Mac Boyle March 27, 2024

Director: Gil Kenan

Cast: Paul Rudd, Carrie Coon, Finn Wolfhard, Mckenna Grace

Have I Seen it Before: I once had a VHS filled with old episodes of The Real Ghostbusters and so, yeah, I may have seen the whole thing many, many times before.

Did I Like It: That last statement will make you think that I did, in fact. not like the latest Ghostbusters film, but let’s get a few things straight before we proceed: I’ve never disliked a Ghostbusters film. Never.

What I find most shocking about this film is that I wasn’t at all excited about. I enjoyed Ghostbusters: Afterlife (2021) (see above) but the prospect of more time watching ghosts get busted barely registered for me. Just a few short years ago, the prospect of seeing Murray, Aykroyd, and Hudson once again fill the firehouse would have gotten me to line up for a week beforehand. Now, I kind of wanted to see it, and Lora and I didn’t have anything on the schedule for Saturday afternoon of opening weekend*.

I’m just sort of ambivalent. Some people despise it, and I don’t disagree with what bugged them about it, but I don’t think I can get too worked up about a film that’s probably underwhelming. (I think something about The Flash (2023) might have broken me.)

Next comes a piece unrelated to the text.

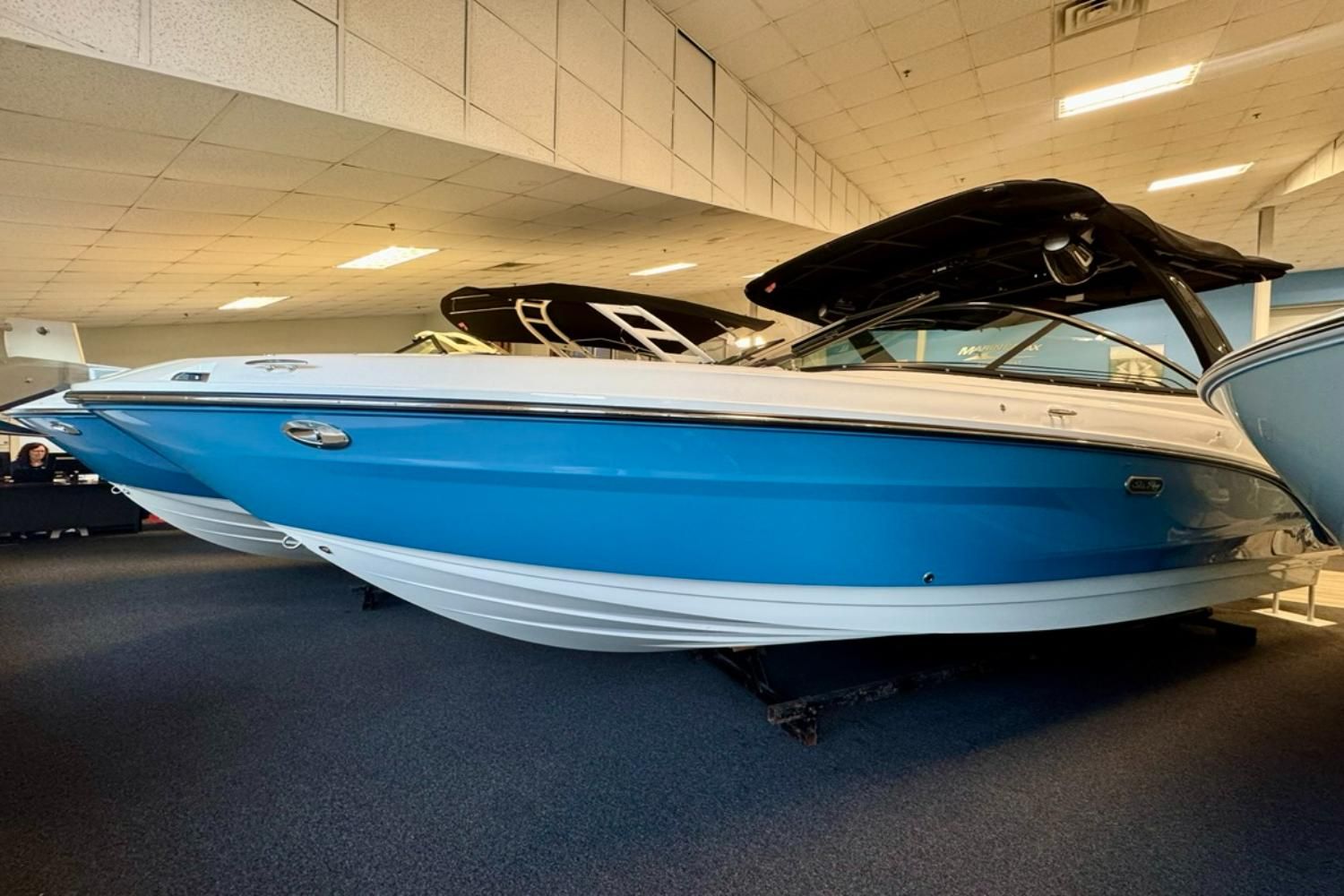 2025 Sea Ray SLX 260 Outboard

Oddly enough, some of my quibbles with Afterlife were actually addressed here. We’re presented with a new Big Bad. No one cares about Zuul, no matter what they might say. The original surviving Ghostbusters are more than just glorified cameos, aside from Murray, who barely shows up in the movie and perpetually gives the impression that he’d like to sneak just outside of frame, if only no one would bother to notice.

The real problem? The thing that could have made me a believer in the movie despite my ambivalence going in? It needed to be funnier.

*Now that I think about it, I had roughly the same level of interest in Ant-Man and the Wasp: Quantummania (2023). Is it possible this an example of some unfortunate side effect of Paul Rudd?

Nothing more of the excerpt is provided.